Task:
Copy out, exactly as written, only the line containing "Bodegón con flores" and the lines after it through the end of the records.

Records contained in a dataset:
------------
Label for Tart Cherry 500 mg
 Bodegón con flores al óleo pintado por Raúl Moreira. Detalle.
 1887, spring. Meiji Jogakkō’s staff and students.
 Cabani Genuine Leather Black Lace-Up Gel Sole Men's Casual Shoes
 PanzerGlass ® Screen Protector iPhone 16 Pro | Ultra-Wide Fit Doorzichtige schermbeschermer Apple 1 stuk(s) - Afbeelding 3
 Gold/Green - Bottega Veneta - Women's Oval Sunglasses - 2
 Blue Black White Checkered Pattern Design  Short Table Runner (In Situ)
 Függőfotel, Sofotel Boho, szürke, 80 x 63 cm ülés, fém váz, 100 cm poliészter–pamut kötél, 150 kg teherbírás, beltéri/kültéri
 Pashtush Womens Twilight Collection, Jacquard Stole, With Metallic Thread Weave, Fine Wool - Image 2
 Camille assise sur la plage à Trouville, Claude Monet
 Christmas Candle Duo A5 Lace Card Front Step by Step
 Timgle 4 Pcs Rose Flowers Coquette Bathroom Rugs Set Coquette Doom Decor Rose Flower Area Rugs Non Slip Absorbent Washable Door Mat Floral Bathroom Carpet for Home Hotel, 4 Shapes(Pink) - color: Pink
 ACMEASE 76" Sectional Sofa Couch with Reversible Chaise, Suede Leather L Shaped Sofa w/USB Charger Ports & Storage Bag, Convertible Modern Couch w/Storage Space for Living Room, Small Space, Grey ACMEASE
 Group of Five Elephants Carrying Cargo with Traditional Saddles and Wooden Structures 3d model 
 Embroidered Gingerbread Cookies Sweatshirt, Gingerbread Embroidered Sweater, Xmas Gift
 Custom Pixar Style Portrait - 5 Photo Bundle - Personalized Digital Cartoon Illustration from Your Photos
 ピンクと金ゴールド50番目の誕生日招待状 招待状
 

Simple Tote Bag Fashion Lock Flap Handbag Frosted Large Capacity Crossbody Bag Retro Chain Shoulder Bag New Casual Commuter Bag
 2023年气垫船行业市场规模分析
------------
Response below:
 Bodegón con flores al óleo pintado por Raúl Moreira. Detalle.
 1887, spring. Meiji Jogakkō’s staff and students.
 Cabani Genuine Leather Black Lace-Up Gel Sole Men's Casual Shoes
 PanzerGlass ® Screen Protector iPhone 16 Pro | Ultra-Wide Fit Doorzichtige schermbeschermer Apple 1 stuk(s) - Afbeelding 3
 Gold/Green - Bottega Veneta - Women's Oval Sunglasses - 2
 Blue Black White Checkered Pattern Design  Short Table Runner (In Situ)
 Függőfotel, Sofotel Boho, szürke, 80 x 63 cm ülés, fém váz, 100 cm poliészter–pamut kötél, 150 kg teherbírás, beltéri/kültéri
 Pashtush Womens Twilight Collection, Jacquard Stole, With Metallic Thread Weave, Fine Wool - Image 2
 Camille assise sur la plage à Trouville, Claude Monet
 Christmas Candle Duo A5 Lace Card Front Step by Step
 Timgle 4 Pcs Rose Flowers Coquette Bathroom Rugs Set Coquette Doom Decor Rose Flower Area Rugs Non Slip Absorbent Washable Door Mat Floral Bathroom Carpet for Home Hotel, 4 Shapes(Pink) - color: Pink
 ACMEASE 76" Sectional Sofa Couch with Reversible Chaise, Suede Leather L Shaped Sofa w/USB Charger Ports & Storage Bag, Convertible Modern Couch w/Storage Space for Living Room, Small Space, Grey ACMEASE
 Group of Five Elephants Carrying Cargo with Traditional Saddles and Wooden Structures 3d model 
 Embroidered Gingerbread Cookies Sweatshirt, Gingerbread Embroidered Sweater, Xmas Gift
 Custom Pixar Style Portrait - 5 Photo Bundle - Personalized Digital Cartoon Illustration from Your Photos
 ピンクと金ゴールド50番目の誕生日招待状 招待状
 

Simple Tote Bag Fashion Lock Flap Handbag Frosted Large Capacity Crossbody Bag Retro Chain Shoulder Bag New Casual Commuter Bag
 2023年气垫船行业市场规模分析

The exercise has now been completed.